SUPPLIED ENTRIES:
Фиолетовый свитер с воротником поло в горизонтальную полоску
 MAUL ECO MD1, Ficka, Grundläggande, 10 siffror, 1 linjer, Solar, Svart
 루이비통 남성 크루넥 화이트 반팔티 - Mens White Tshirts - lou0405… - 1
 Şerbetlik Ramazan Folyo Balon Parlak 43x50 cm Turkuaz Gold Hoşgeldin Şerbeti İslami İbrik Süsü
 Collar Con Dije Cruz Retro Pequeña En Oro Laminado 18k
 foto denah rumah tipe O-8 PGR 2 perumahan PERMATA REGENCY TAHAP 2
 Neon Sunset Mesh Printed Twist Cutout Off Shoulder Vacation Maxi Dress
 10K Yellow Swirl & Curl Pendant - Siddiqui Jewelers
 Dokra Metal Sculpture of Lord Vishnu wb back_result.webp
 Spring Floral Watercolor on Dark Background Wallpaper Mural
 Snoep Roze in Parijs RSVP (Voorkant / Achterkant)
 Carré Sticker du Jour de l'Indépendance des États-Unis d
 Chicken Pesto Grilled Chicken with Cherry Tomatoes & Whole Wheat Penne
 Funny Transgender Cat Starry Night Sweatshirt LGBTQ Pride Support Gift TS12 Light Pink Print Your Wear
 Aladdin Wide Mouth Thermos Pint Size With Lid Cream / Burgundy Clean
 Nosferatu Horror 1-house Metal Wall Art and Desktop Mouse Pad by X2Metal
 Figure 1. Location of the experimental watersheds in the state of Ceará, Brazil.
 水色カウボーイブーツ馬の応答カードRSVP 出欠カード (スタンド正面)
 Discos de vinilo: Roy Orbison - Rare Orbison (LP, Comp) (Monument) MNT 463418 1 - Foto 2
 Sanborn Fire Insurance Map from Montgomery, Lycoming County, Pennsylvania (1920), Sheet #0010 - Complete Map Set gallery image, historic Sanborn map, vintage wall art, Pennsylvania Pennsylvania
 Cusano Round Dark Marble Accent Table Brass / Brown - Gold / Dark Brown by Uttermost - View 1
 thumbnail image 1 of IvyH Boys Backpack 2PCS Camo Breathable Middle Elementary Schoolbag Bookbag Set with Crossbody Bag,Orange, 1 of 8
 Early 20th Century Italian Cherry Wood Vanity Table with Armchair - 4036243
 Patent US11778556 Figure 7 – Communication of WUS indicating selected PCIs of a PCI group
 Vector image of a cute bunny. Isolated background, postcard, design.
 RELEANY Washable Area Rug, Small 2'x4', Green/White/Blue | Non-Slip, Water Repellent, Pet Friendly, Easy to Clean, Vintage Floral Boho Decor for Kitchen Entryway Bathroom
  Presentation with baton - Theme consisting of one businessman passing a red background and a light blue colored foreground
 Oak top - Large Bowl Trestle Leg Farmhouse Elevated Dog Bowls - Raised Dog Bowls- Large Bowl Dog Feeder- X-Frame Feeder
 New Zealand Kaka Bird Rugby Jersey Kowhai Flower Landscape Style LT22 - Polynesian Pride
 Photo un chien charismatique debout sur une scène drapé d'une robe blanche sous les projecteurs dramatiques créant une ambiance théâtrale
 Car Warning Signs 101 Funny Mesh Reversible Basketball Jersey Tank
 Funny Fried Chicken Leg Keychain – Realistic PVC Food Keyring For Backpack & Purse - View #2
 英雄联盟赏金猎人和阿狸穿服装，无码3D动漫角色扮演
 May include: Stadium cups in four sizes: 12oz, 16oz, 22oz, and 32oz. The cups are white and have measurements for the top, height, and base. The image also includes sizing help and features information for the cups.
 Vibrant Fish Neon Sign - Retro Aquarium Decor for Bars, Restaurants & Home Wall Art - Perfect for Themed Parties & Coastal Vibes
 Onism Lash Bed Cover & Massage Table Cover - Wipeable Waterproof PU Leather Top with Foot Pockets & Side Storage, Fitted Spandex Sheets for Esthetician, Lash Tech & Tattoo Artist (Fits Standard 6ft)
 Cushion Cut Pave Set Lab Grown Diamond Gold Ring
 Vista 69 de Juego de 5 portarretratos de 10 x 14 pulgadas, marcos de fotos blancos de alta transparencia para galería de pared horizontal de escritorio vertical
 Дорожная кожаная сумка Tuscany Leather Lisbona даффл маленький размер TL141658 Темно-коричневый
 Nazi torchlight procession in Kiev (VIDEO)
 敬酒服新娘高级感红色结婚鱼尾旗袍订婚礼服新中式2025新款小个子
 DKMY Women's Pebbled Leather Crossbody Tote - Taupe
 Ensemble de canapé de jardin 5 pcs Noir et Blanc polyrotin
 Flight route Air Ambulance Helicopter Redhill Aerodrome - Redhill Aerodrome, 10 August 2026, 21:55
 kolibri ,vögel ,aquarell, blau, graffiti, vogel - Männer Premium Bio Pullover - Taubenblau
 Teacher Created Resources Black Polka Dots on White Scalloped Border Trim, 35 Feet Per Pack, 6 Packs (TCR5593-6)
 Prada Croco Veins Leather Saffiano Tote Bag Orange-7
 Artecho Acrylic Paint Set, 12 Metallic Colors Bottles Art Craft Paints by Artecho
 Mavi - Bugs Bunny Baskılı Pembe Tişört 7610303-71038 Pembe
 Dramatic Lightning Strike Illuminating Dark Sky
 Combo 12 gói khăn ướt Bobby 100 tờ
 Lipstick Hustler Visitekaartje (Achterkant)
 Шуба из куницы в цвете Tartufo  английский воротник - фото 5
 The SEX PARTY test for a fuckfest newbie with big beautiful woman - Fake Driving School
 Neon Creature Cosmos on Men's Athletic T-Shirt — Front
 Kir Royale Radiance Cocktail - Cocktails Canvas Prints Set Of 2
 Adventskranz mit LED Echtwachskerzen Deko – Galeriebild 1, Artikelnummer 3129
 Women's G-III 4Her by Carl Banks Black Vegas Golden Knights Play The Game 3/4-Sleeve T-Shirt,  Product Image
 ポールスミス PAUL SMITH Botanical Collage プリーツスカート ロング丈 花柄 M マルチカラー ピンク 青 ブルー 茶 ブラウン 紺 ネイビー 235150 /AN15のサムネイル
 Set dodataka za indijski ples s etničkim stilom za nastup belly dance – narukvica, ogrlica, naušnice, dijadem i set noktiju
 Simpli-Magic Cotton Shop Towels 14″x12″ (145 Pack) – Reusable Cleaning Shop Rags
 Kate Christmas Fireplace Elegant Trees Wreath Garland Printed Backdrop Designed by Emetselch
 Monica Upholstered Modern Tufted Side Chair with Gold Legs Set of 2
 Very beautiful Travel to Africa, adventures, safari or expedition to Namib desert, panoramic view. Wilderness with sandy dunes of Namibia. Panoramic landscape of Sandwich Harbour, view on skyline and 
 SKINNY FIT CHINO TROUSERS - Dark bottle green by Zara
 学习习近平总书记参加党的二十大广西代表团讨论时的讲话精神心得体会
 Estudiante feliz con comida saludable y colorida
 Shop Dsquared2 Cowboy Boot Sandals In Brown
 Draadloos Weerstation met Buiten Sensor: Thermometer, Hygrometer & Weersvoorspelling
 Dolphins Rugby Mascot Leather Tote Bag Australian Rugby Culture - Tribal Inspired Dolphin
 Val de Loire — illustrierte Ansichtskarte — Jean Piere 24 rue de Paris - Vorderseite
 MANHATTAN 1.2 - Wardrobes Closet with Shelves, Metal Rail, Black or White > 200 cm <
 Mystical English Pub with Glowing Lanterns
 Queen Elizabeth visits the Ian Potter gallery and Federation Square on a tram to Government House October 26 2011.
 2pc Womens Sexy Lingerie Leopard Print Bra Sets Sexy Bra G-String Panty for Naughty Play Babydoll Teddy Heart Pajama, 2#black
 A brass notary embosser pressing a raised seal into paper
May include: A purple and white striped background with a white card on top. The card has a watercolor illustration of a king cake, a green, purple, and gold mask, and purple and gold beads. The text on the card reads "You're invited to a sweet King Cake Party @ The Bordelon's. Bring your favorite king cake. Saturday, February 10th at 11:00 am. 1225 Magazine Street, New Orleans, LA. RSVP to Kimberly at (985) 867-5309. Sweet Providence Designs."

TASK OBJECTIVE: Please give an exact copy of the lines above, beginning with the line containing "Carré Sticker du" and running through the line containing "Discos de vinilo: Roy", and of no other lines.

ANSWER FOR THIS EXERCISE:
 Carré Sticker du Jour de l'Indépendance des États-Unis d
 Chicken Pesto Grilled Chicken with Cherry Tomatoes & Whole Wheat Penne
 Funny Transgender Cat Starry Night Sweatshirt LGBTQ Pride Support Gift TS12 Light Pink Print Your Wear
 Aladdin Wide Mouth Thermos Pint Size With Lid Cream / Burgundy Clean
 Nosferatu Horror 1-house Metal Wall Art and Desktop Mouse Pad by X2Metal
 Figure 1. Location of the experimental watersheds in the state of Ceará, Brazil.
 水色カウボーイブーツ馬の応答カードRSVP 出欠カード (スタンド正面)
 Discos de vinilo: Roy Orbison - Rare Orbison (LP, Comp) (Monument) MNT 463418 1 - Foto 2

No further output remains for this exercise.